---------- Given data

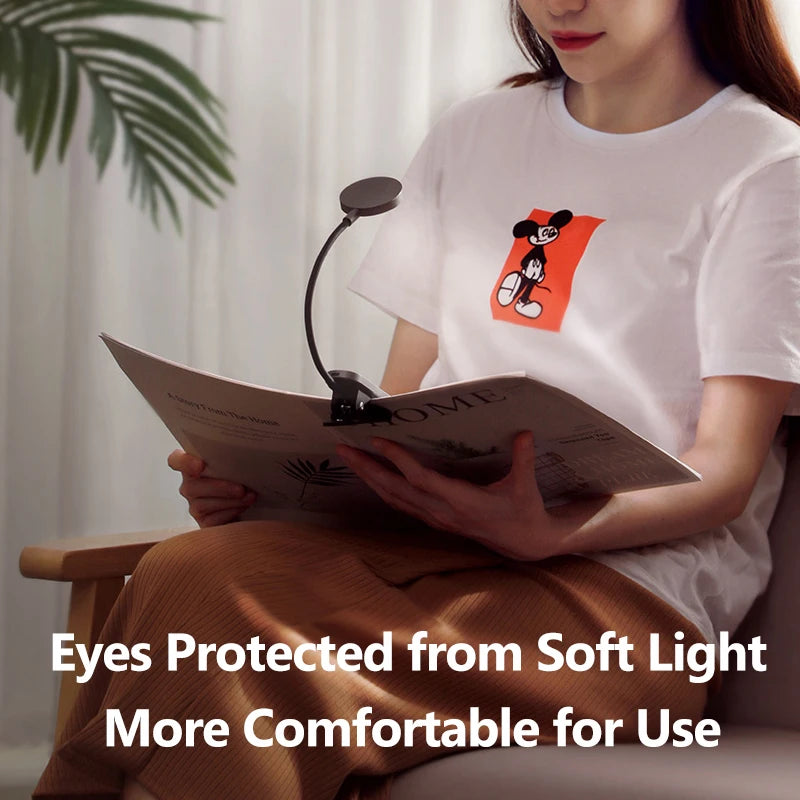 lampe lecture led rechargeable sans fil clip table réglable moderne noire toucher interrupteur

--------------------
---------- Given data

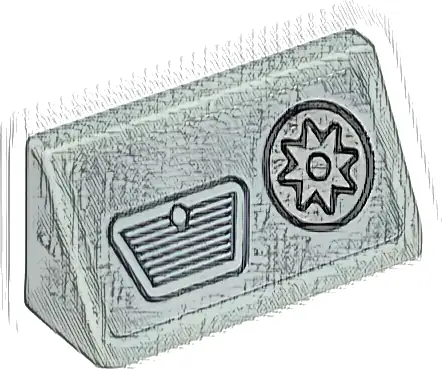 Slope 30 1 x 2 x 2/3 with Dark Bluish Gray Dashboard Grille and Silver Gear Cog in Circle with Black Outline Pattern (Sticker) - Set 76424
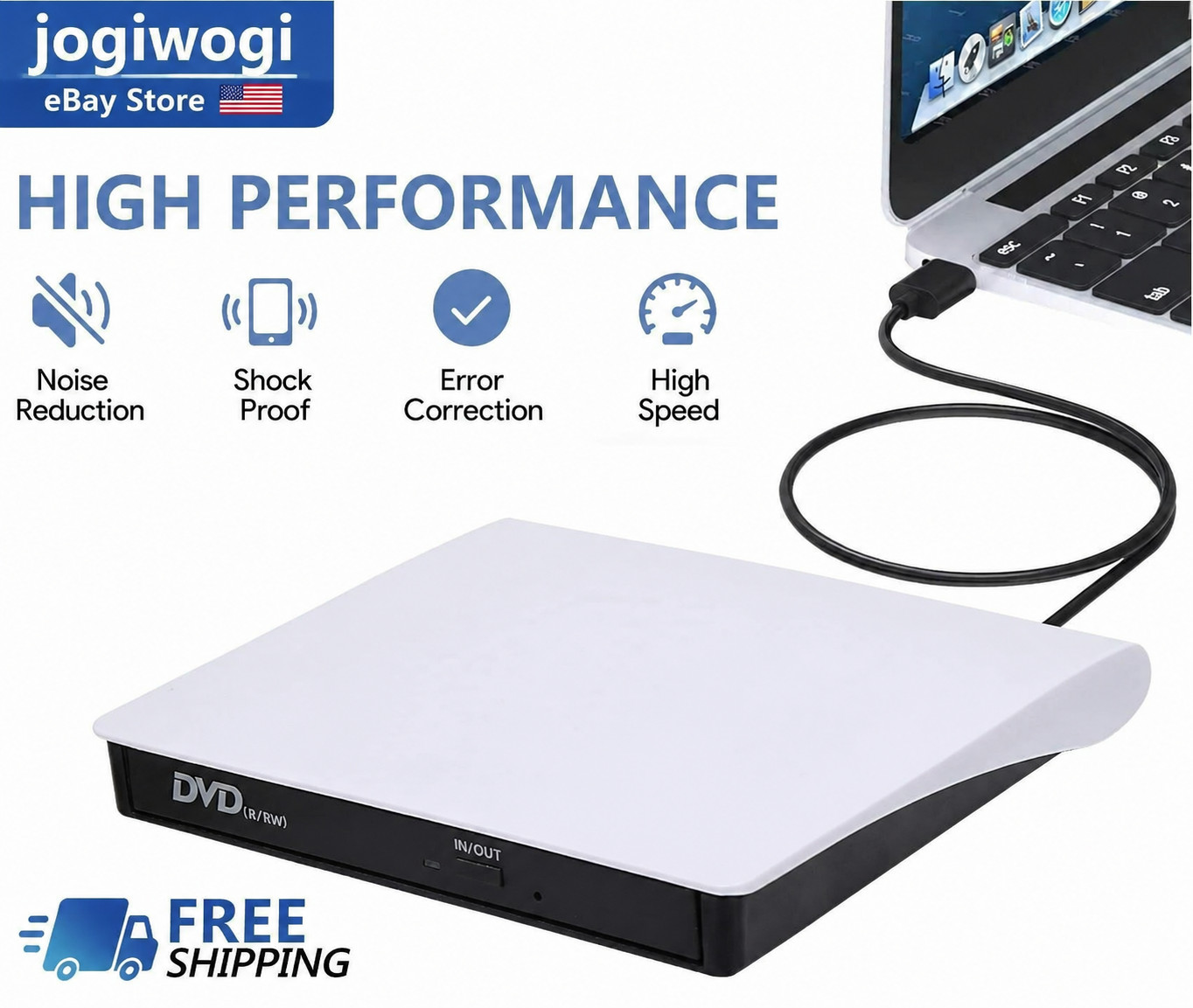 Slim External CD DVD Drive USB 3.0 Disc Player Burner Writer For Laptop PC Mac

--------------------
---------- Given data

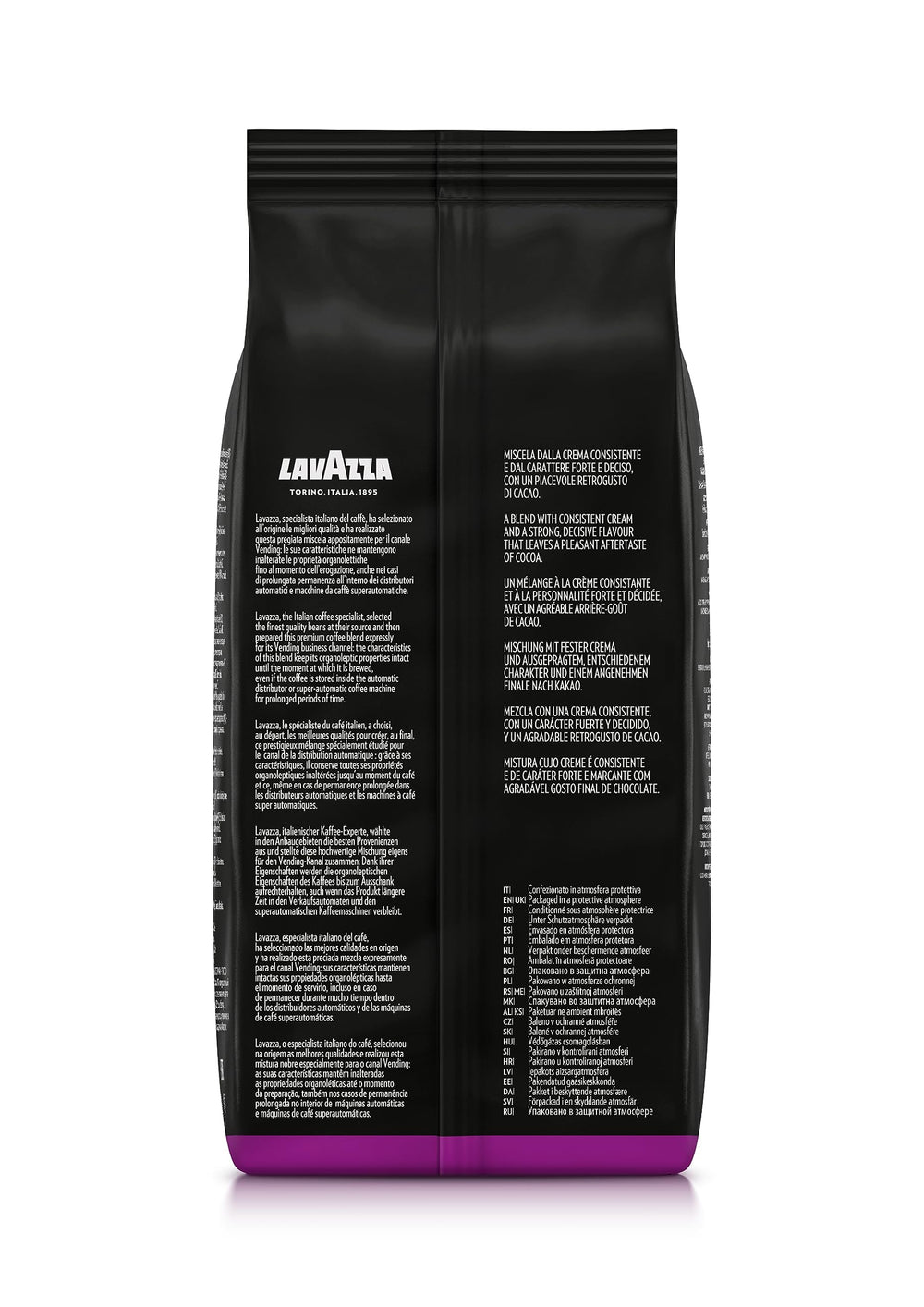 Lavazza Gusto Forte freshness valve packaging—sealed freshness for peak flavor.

--------------------

▶ _Task objective_
Beginning with the line above that contains "Slope 30 1 x" and finishing with the line that contains "Slim External CD", print those lines exactly and only. Skip all pictures.

▶ _Answer section_
 Slope 30 1 x 2 x 2/3 with Dark Bluish Gray Dashboard Grille and Silver Gear Cog in Circle with Black Outline Pattern (Sticker) - Set 76424
 Slim External CD DVD Drive USB 3.0 Disc Player Burner Writer For Laptop PC Mac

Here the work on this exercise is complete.